Activism, Environment, recent

The Environment Is too Important to Leave to Environmentalists

The fact that belief in climate change in the US tends to correlate with political affiliation should tell you that we are not objectively interpreting the science as much as we are following the values of our chosen peer group. Because in a world where we follow the evidence, it’s an extraordinarily unlikely outcome.

The truth is that the science of what is happening is as settled as science ever is. That isn’t to be conflated with the challenges of predicting the future. However sophisticated the predictive models get, they are still speculative. And it isn’t to be understood as believing all the headlines written by journalists too lazy to check the original sources (no, all insects are not about to die out—at least, the research that prompted those headlines does not provide any such evidence).

We know enough to understand that we should be taking serious action.

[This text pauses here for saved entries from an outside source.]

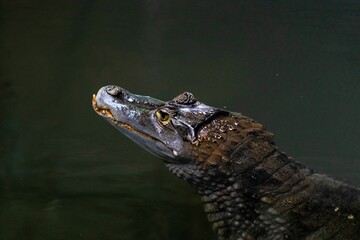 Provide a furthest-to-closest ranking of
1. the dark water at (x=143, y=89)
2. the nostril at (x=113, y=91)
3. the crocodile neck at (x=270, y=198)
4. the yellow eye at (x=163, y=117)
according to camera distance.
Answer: the dark water at (x=143, y=89) < the nostril at (x=113, y=91) < the yellow eye at (x=163, y=117) < the crocodile neck at (x=270, y=198)

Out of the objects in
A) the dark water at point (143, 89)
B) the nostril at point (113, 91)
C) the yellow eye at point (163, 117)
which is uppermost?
the nostril at point (113, 91)

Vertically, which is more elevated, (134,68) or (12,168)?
(134,68)

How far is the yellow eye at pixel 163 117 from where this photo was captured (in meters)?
2.47

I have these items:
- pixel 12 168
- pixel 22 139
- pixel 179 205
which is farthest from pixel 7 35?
pixel 179 205

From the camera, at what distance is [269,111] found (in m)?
3.70

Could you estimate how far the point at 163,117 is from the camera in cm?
249

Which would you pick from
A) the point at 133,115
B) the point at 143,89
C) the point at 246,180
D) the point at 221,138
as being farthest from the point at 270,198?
the point at 143,89

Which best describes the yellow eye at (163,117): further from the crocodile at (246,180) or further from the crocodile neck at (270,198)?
the crocodile neck at (270,198)

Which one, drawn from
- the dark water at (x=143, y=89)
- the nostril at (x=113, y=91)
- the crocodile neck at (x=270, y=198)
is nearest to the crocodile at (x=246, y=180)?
the crocodile neck at (x=270, y=198)

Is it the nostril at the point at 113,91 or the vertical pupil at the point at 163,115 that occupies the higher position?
the nostril at the point at 113,91

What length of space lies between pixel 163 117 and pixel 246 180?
445mm

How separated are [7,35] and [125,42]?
3.07 feet

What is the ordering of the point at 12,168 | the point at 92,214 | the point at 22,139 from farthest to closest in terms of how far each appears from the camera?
the point at 22,139 < the point at 12,168 < the point at 92,214

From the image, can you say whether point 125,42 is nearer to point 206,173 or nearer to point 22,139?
point 22,139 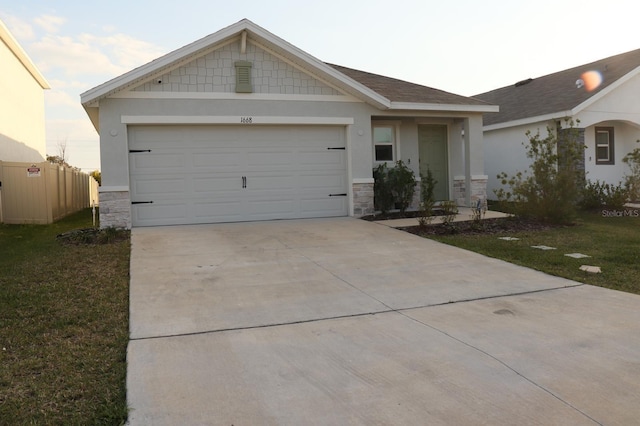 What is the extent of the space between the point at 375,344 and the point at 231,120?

The fact that the only groups advocating action at the moment are demanding questionable strategies doesn’t change that. If you’re in a vehicle heading towards a cliff and the passenger on the back seat advises that you crash the car to avoid going off the cliff, you would be wise to ignore their advice. But you’re still heading towards the cliff and you need a plan of your own.

We are so far behind in this, in significant part, due to the remarkable failure of the environmentalist movement to do its job. In fact, rather than persuading people to prioritise the issue, environmentalists have been pushing us backwards. There’s no point being judgemental about it. Largely leaderless groups follow gut instinct not sound strategy. But while being passionate and well-meaning, the movement has done exactly the wrong things in order to achieve its objectives.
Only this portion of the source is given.